Papers
Topics
Authors
Recent
Gemini 2.5 Flash
Gemini 2.5 Flash
102 tokens/sec
GPT-4o
59 tokens/sec
Gemini 2.5 Pro Pro
43 tokens/sec
o3 Pro
6 tokens/sec
GPT-4.1 Pro
50 tokens/sec
DeepSeek R1 via Azure Pro
28 tokens/sec
2000 character limit reached

MIND Your Language: A Multilingual Dataset for Cross-lingual News Recommendation (2403.17876v1)

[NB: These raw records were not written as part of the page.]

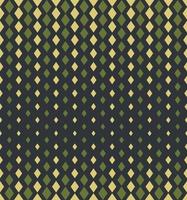 Small geometric diamond shape vertical halftone seamless pattern yellow green color background. Argyle pattern. Use for fabric, textile, interior decoration elements, upholstery, wrapping. vector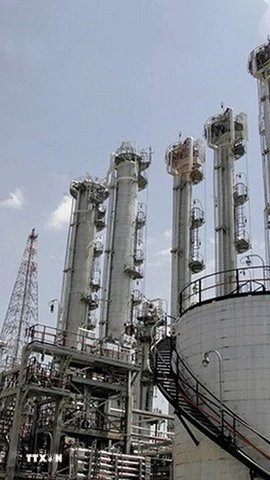 Quang cảnh lò phản ứng nghiên cứu nước nặng Arak ở huyện Khondab, tỉnh Markazi (Iran). (Ảnh: The Times of Israel/TTXVN)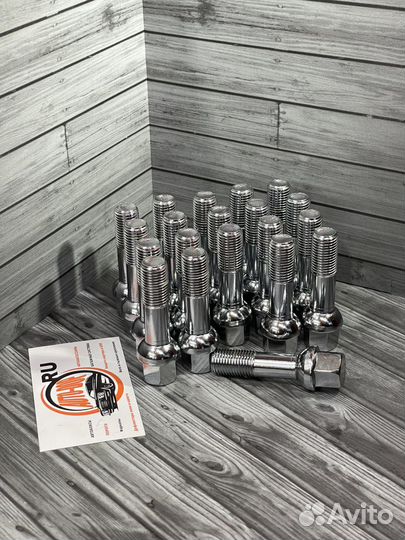 Болты колесные mercedes под 17 ключ комплект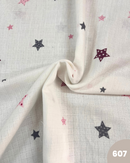 MUSSOLA DI COTONE - 607 MUSSOLA STELLINE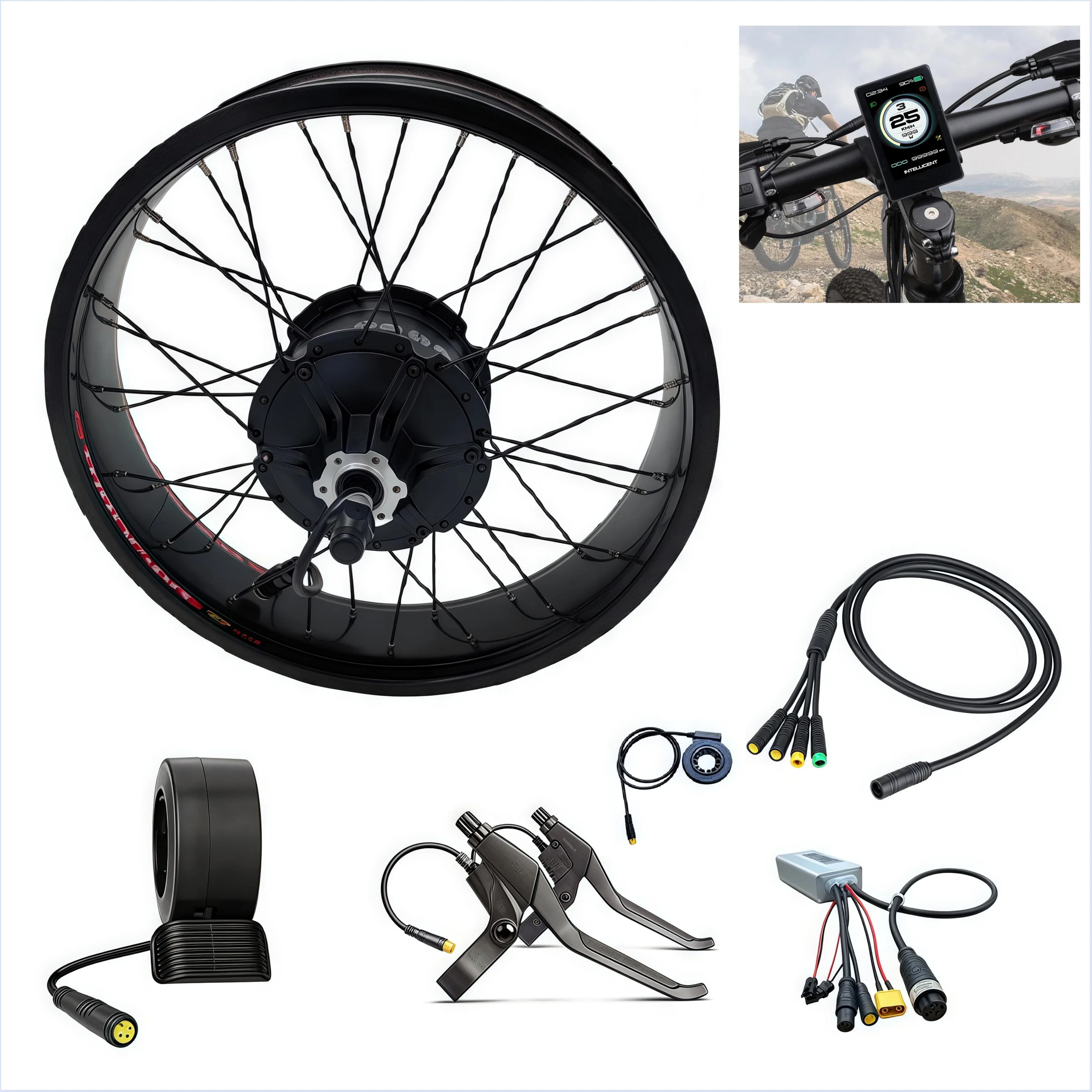 Bafang 8Fun 48V 750W 20*4.0/24*4.0/26*4.0 Inch Front Motor Wheel Kits for Fat bike with 135mm dropout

Published 26 Mar 2024 in cs.IR

Abstract: Digital news platforms use news recommenders as the main instrument to cater to the individual information needs of readers. Despite an increasingly language-diverse online community, in which many Internet users consume news in multiple languages, the majority of news recommendation focuses on major, resource-rich languages, and English in particular. Moreover, nearly all news recommendation efforts assume monolingual news consumption, whereas more and more users tend to consume information in at least two languages. Accordingly, the existing body of work on news recommendation suffers from a lack of publicly available multilingual benchmarks that would catalyze development of news recommenders effective in multilingual settings and for low-resource languages. Aiming to fill this gap, we introduce xMIND, an open, multilingual news recommendation dataset derived from the English MIND dataset using machine translation, covering a set of 14 linguistically and geographically diverse languages, with digital footprints of varying sizes. Using xMIND, we systematically benchmark several state-of-the-art content-based neural news recommenders (NNRs) in both zero-shot (ZS-XLT) and few-shot (FS-XLT) cross-lingual transfer scenarios, considering both monolingual and bilingual news consumption patterns. Our findings reveal that (i) current NNRs, even when based on a multilingual LLM, suffer from substantial performance losses under ZS-XLT and that (ii) inclusion of target-language data in FS-XLT training has limited benefits, particularly when combined with a bilingual news consumption. Our findings thus warrant a broader research effort in multilingual and cross-lingual news recommendation. The xMIND dataset is available at https://github.com/andreeaiana/xMIND.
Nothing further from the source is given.